(Records from a data collection)

◇ ◇ ◇ ◇ ◇ ◇ ◇

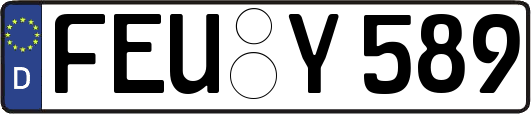 FEU-Y589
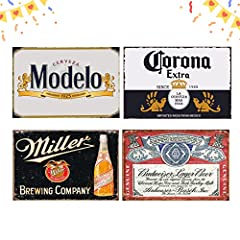 Vintage beer signs for sale  Delivered anywhere in USA 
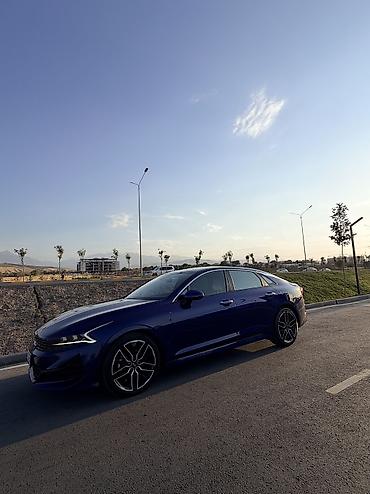 авто камера 360: Kia K5: 2019 г., 1.6 л, Автомат, Бензин, Седан — 4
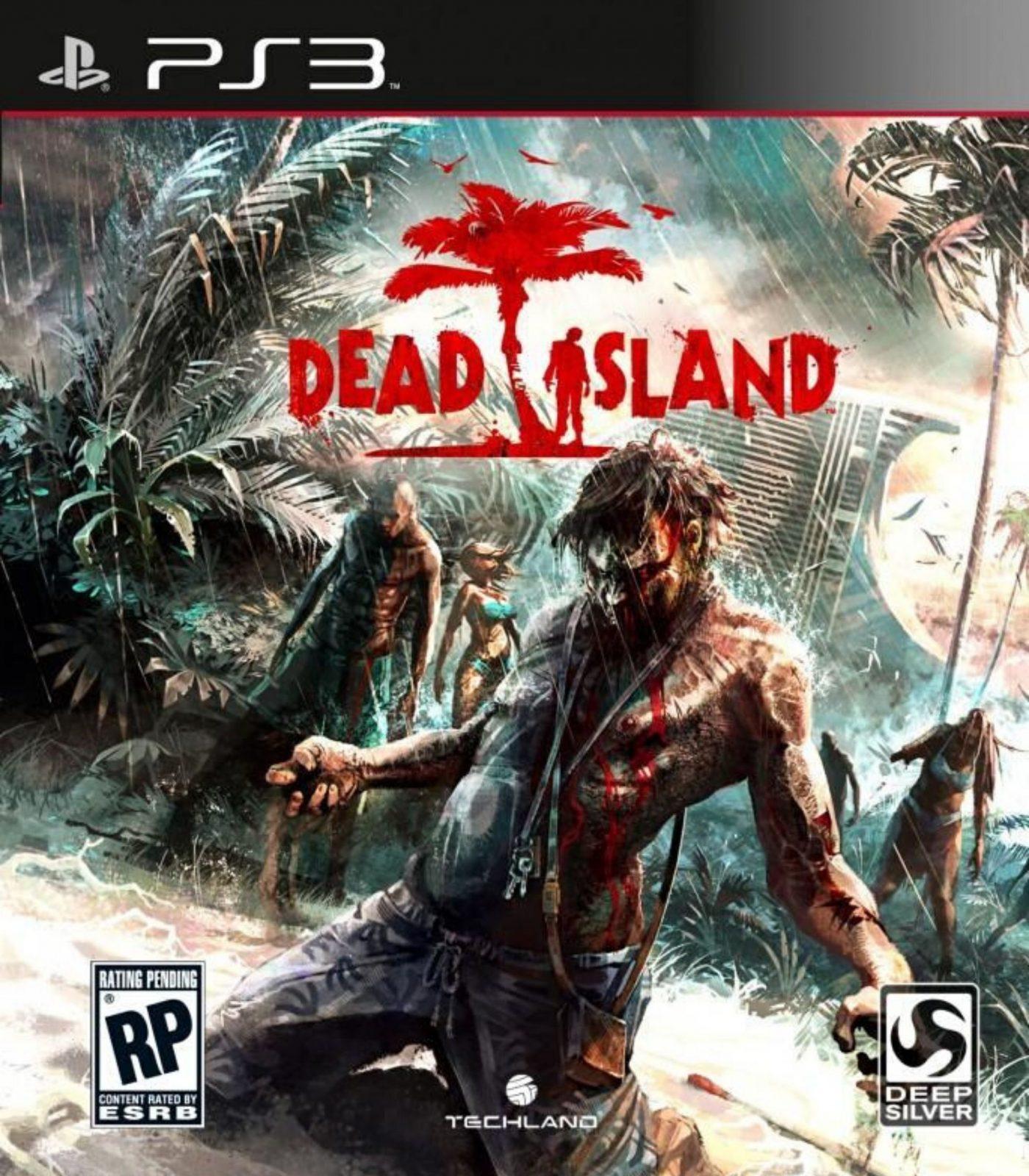 Dead Island Playstation 3 - SWAPitOUT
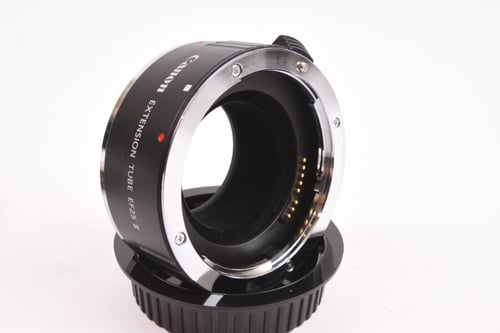 thumbnail-2 for Canon EF25 II Extension Tube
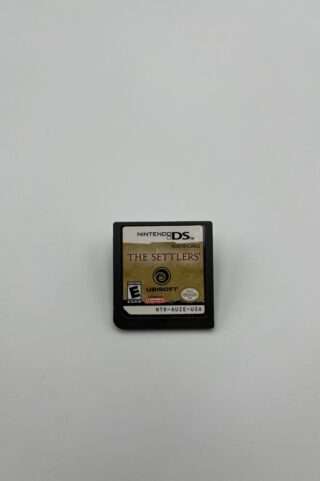 The Settlers(DS: Løse spil)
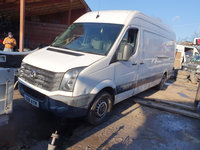 Dezmembrez volkswagen crafter 2.0 motor cutie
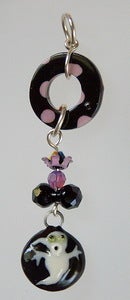 Image of Spooky Ghost Pendant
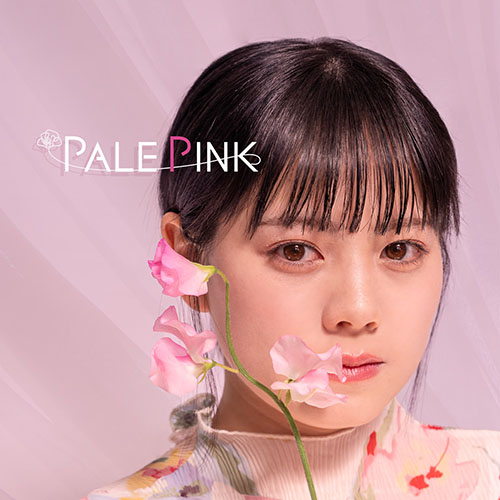 こばしひな – PALE PINK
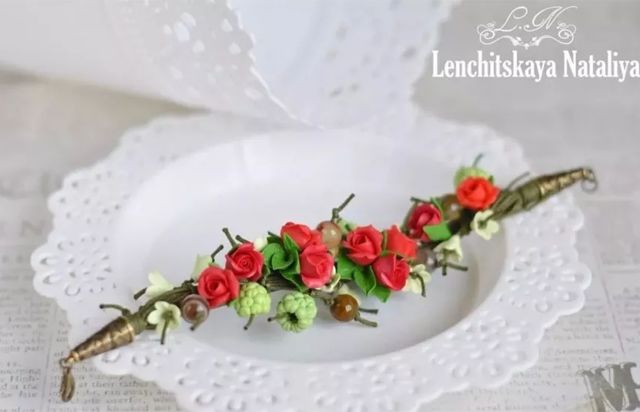 好看又简单的小配饰,小众又高级的diy饰品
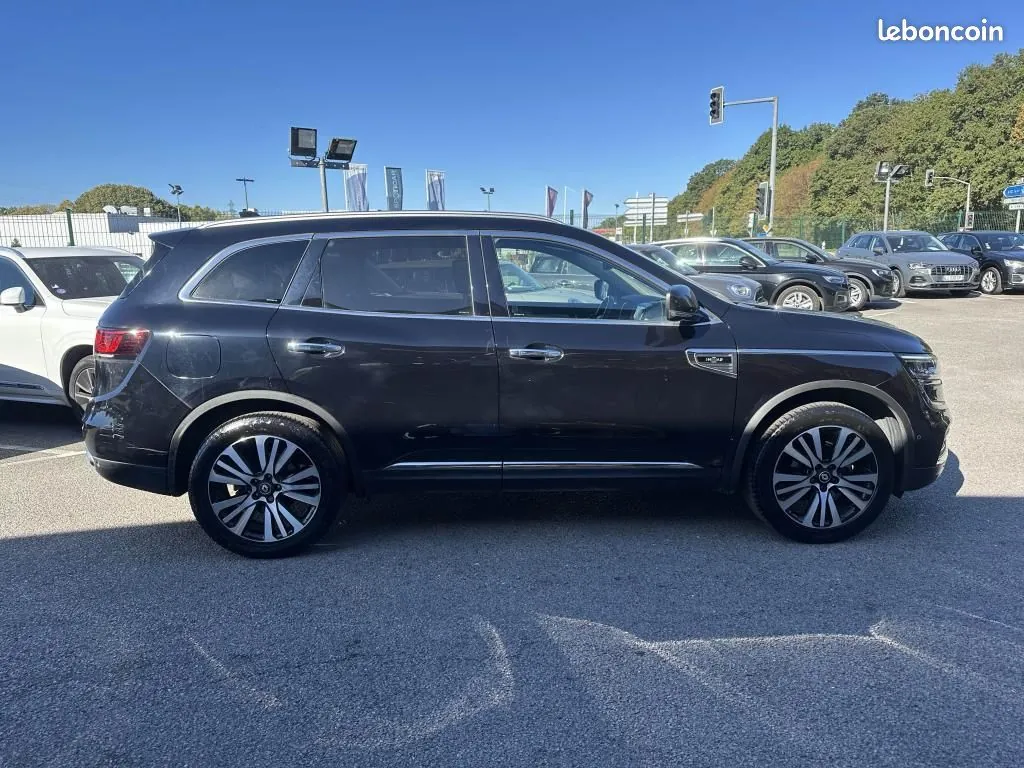 Renault Koleos 2023 photo 4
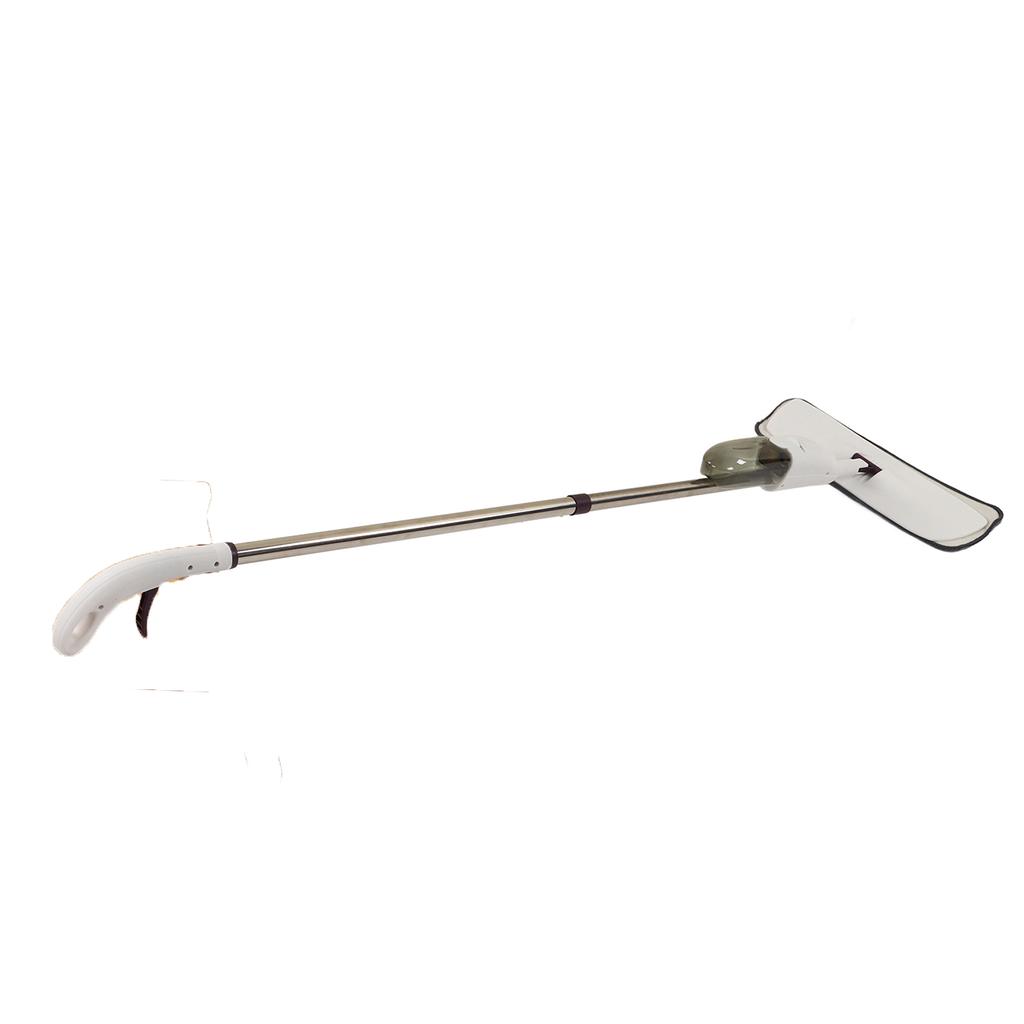 Wassersprühmopp 98 cm breite Sprühfläche Leichtes Design Heimreinigungsmopp mit 400 ml Wassertank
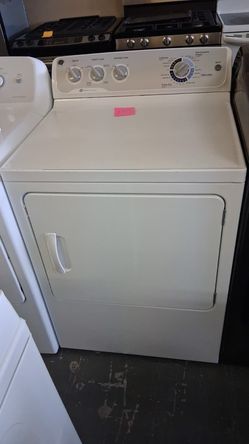 Nice GE gas dryer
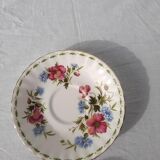 Royal Albert Cup August titled Poppy Series of the Months of the Year 1970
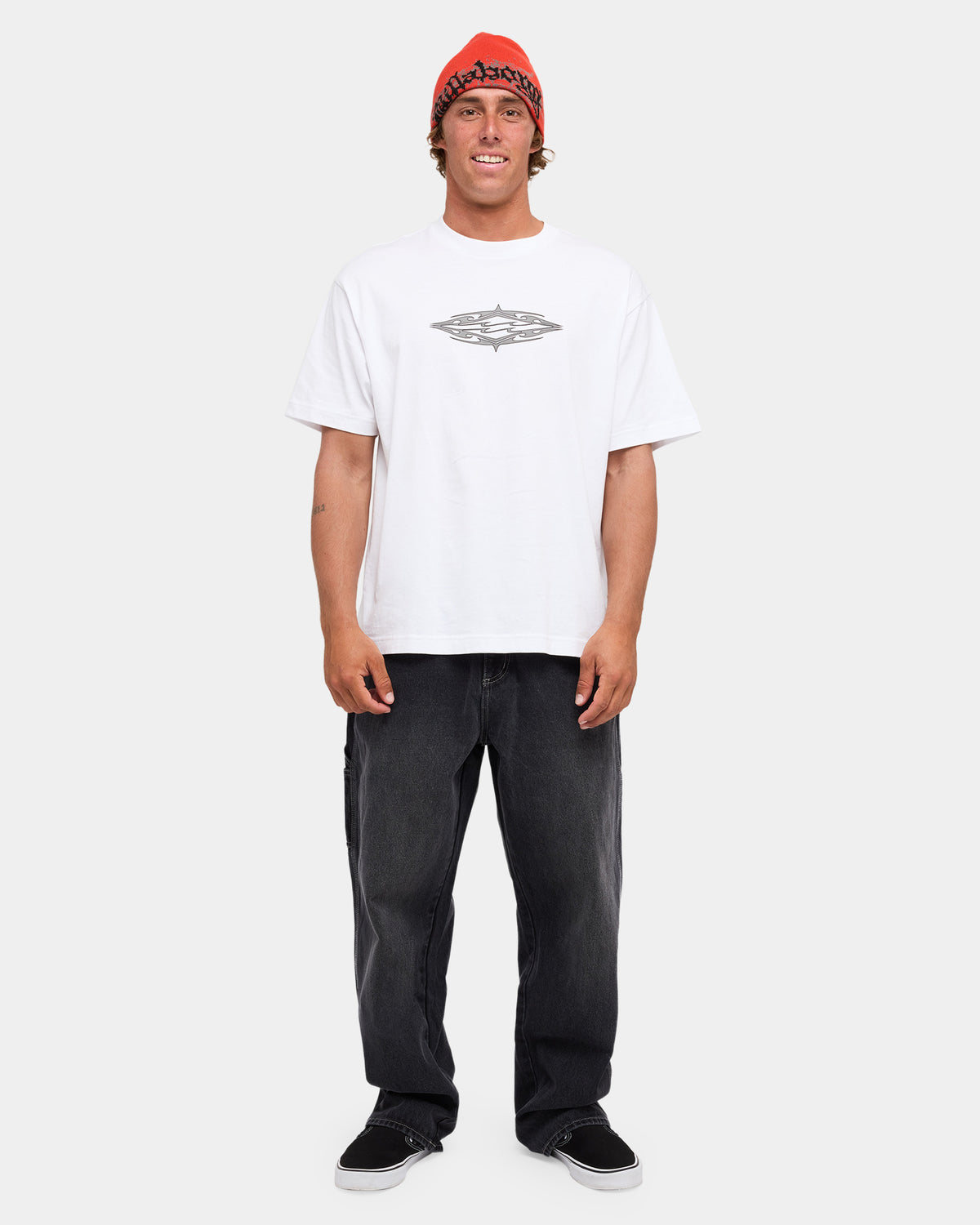 Mens Tribal Diamond T-Shirt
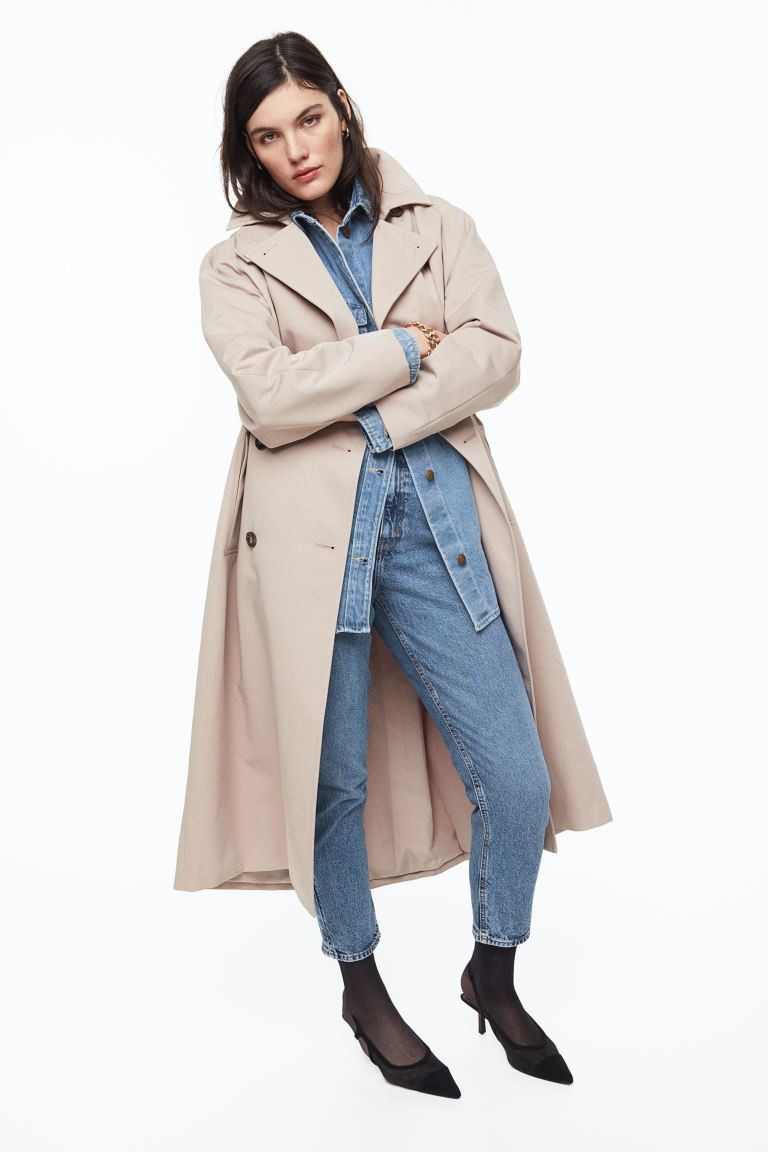 Slim Mom High Ankle Jeans | H&M (FR, IT, ES, PT, BE)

◇ ◇ ◇ ◇ ◇ ◇ ◇

- Your instructions
The required output is the exact lines from the opening line of the entries through the line with "Nice GE gas dryer", inclusive, without pictures.

- Problem solution
 FEU-Y589
 Vintage beer signs for sale  Delivered anywhere in USA 
 авто камера 360: Kia K5: 2019 г., 1.6 л, Автомат, Бензин, Седан — 4
 Dead Island Playstation 3 - SWAPitOUT
 thumbnail-2 for Canon EF25 II Extension Tube
 The Settlers(DS: Løse spil)
 Dezmembrez volkswagen crafter 2.0 motor cutie
 Image of Spooky Ghost Pendant
 こばしひな – PALE PINK
 好看又简单的小配饰,小众又高级的diy饰品
 Renault Koleos 2023 photo 4
 Wassersprühmopp 98 cm breite Sprühfläche Leichtes Design Heimreinigungsmopp mit 400 ml Wassertank
 Nice GE gas dryer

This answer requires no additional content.